Extract HTML Structure From Page With Simple Script

I often want to extract parts of HTML page. Often I find myself parsing a doc with Nokogiri and extracting it with a CSS selector. It’s pretty straight-forward from scratch.

To follow the Don’t Repeat Yourself principle, I created a script to make it a one-liner. Just run

ruby parsepage.rb [url] [css_selector]

Feel free to use and modify the code (which i put on GitHub so you can fork and pull from it): http://gist.github.com/199558

I created the script because I wanted to extract headings from a recent article. You could also use it for creating table of contents or similar.

Usage examples

$ U=http://www.smashingmagazine.com/2009/09/24/10-useful-usability-findings-and-guidelines/ $ parsepage.rb $U "h3" --html-list #=> <li>1. Form Labels Work Best Above The Field<li> <li>2. Users Focus On Faces<li> <li>3. Quality Of Design Is An Indicator Of Credibility<li> <li>4. Most Users Do Not Scroll<li> <li>5. Blue Is The Best Color For Links<li> <li>6. The Ideal Search Box Is 27-Characters Wide<li> <li>7. White Space Improves Comprehension<li> <li>8. Effective User Testing Doesn’t Have To Be Extensive<li> <li>9. Informative Product Pages Help You Stand Out<li> <li>10. Most Users Are Blind To Advertising<li> <li>Bonus: Findings From Our Case-Studies<li> <li>Other Resources<li> <li>Sponsors<li> <li>Smashing Links<li> <li>Stay in touch<li> <li>Popular Posts<li> <li>All Posts<li> <li>Blogroll<li>
$ parsepage.rb $U "h1" --text-only #=> Smashing Magazine we smash you with the information that will make your life easier. really. 10 Useful Usability Findings and Guidelines $ parsepage.rb $U "h1:first-child" #=> <h1 class="title"><a href="http://www.smashingmagazine.com/2009/09/24/10-useful-usability-findings-and-guidelines/" rel="bookmark" title="10 Useful Usability Findings and Guidelines">10 Useful Usability Findings and Guidelines</a></h1>

Let me know if you find it useful. I’ll happily update script with any general contributions.
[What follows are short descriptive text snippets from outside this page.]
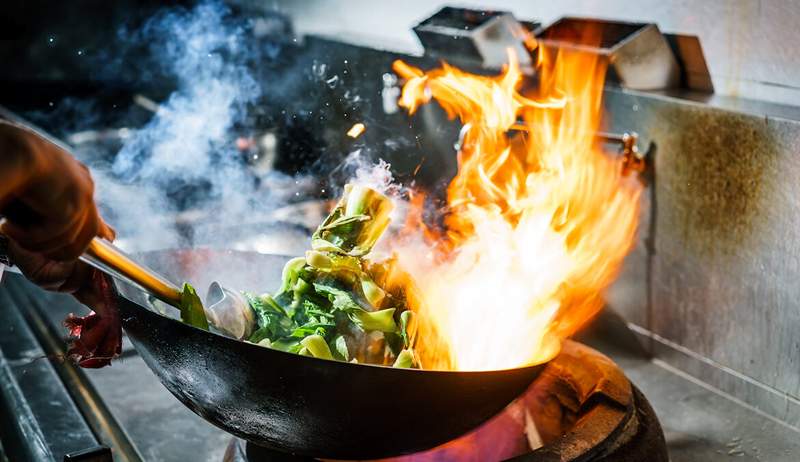 Hoe je snel en veilig een vetbrand uitzet, volgens een professionele chef -kok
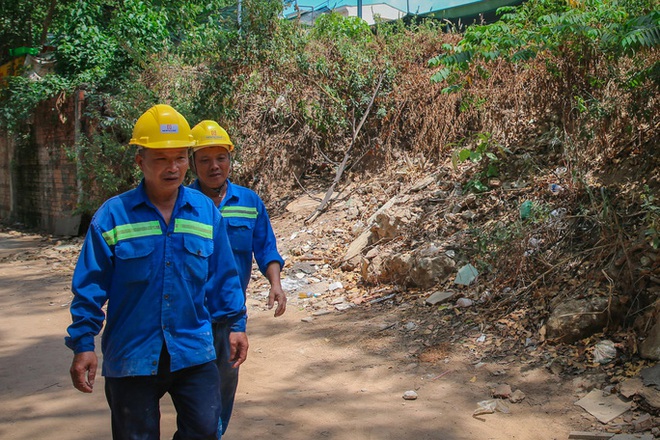 Cận cảnh hoang tàn ở khu đất vàng giữa trung tâm TP HCM vừa bị sờ gáy - Ảnh 11.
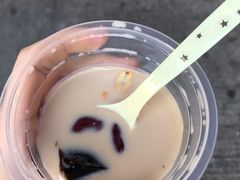 -八婆婆烧仙草(中山路店)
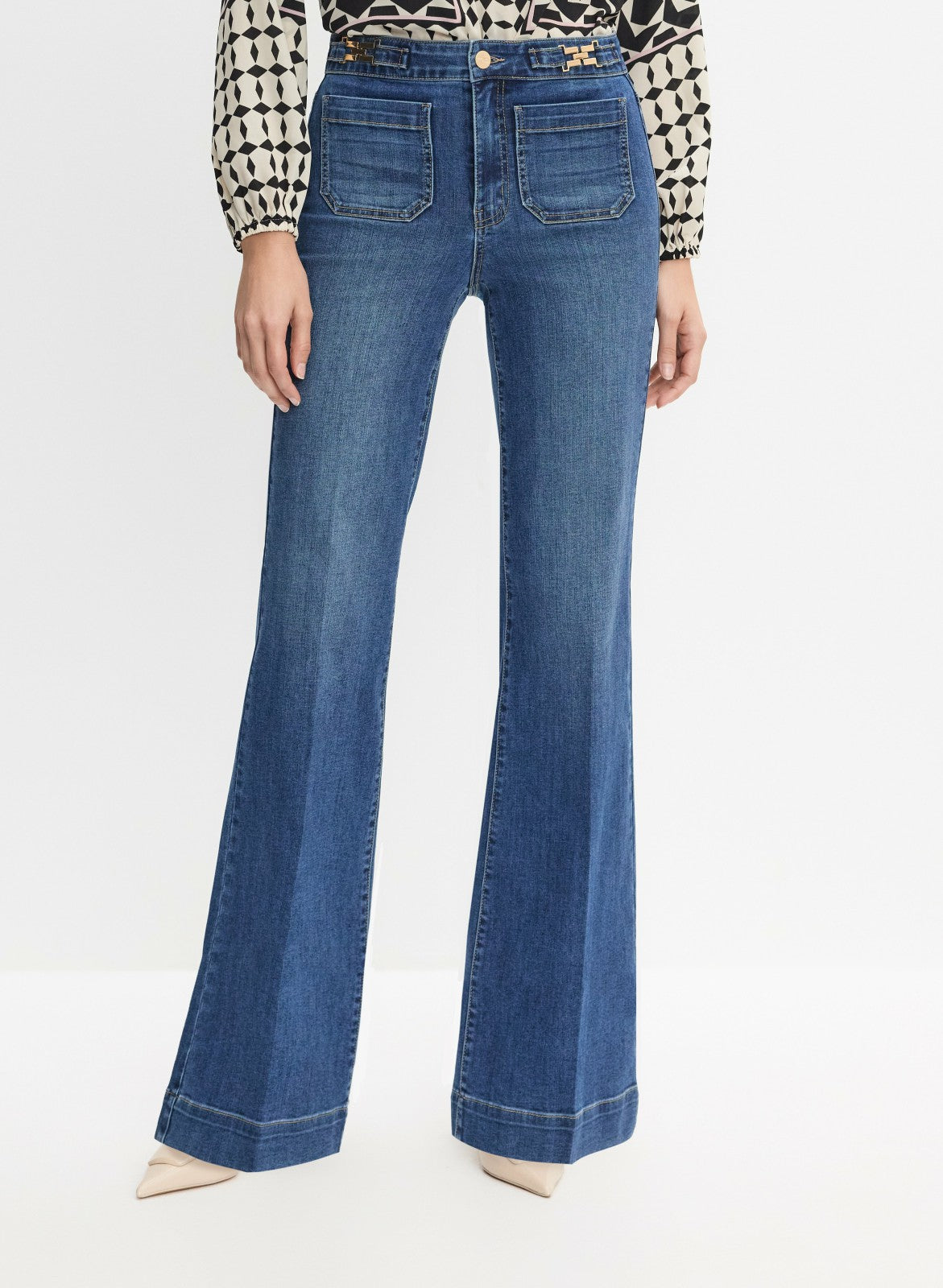 Women Patch Pocket Flare-Leg Jeans Medium Blue | Melanie Lyne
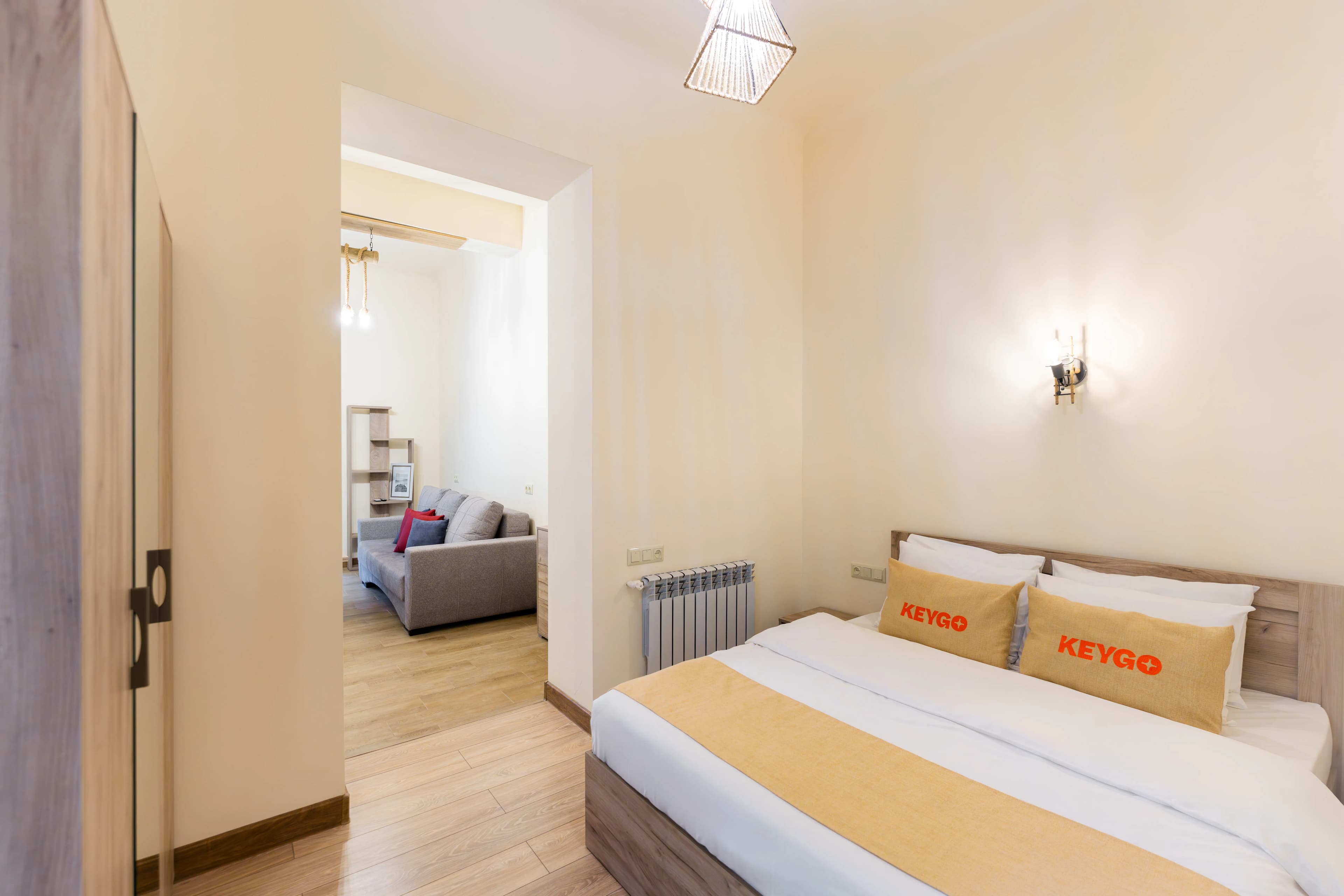 Apartment KeyGo #0040 next to St. Sarkis Church photo 4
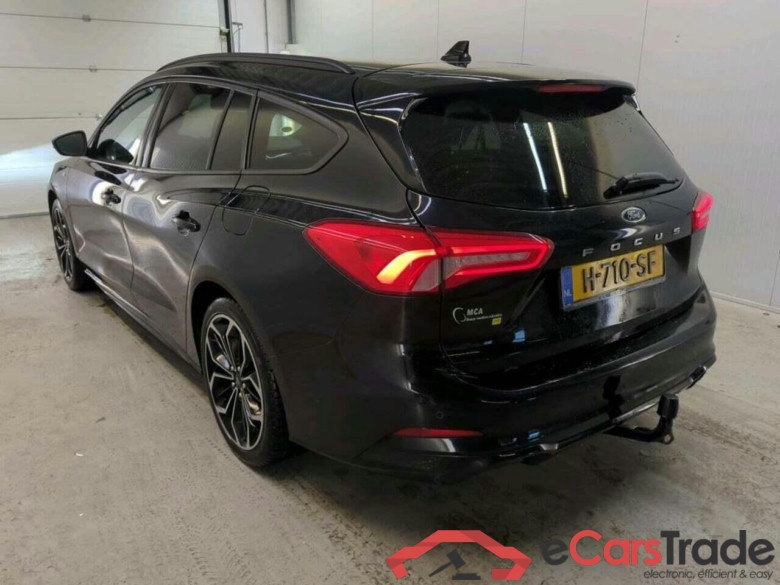 FORD Focus Wagon 1.0 EcoB. ST L. Bns #6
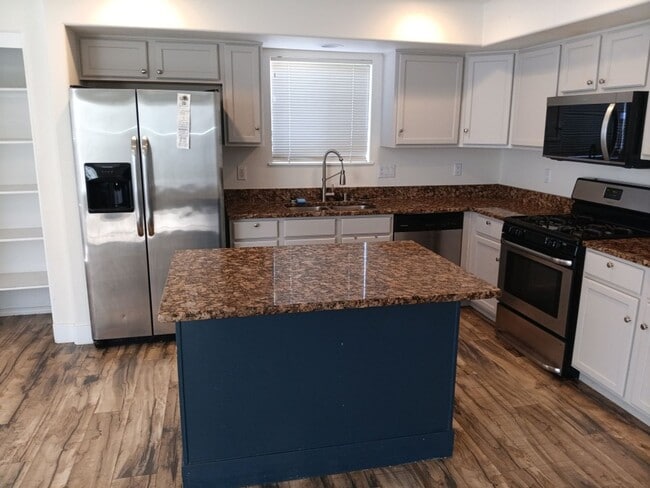 Photo - 3 Bedroom, 3 Bathroom Home! Schedule a Showing Today!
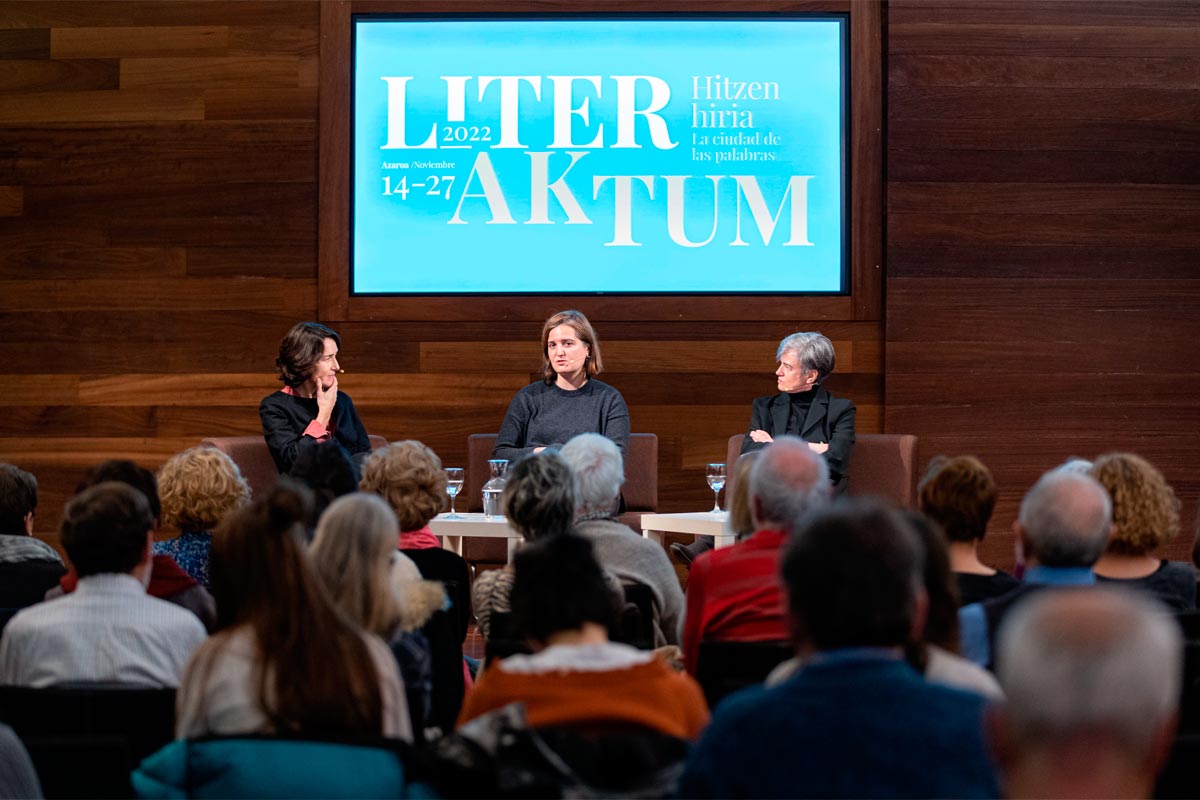 Literaktum 2022. Encuentro con Gabriela Ybarra & Ángeles Go (Foto: Iñaki Rubio).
3 Responses to “Extract HTML Structure From Page With Simple Script”

  1. Spyros Says:

    Thanx for the script, it will definately come in handy.

  2. TechnoKyle Says:

    Cool! Definitely useful if you want to copy the site design by knowing the structure of the page

  3. Scott Roberts Says:

    Now, will this simply make the bulleted list shown above, or give you the underlying HTML code behind it?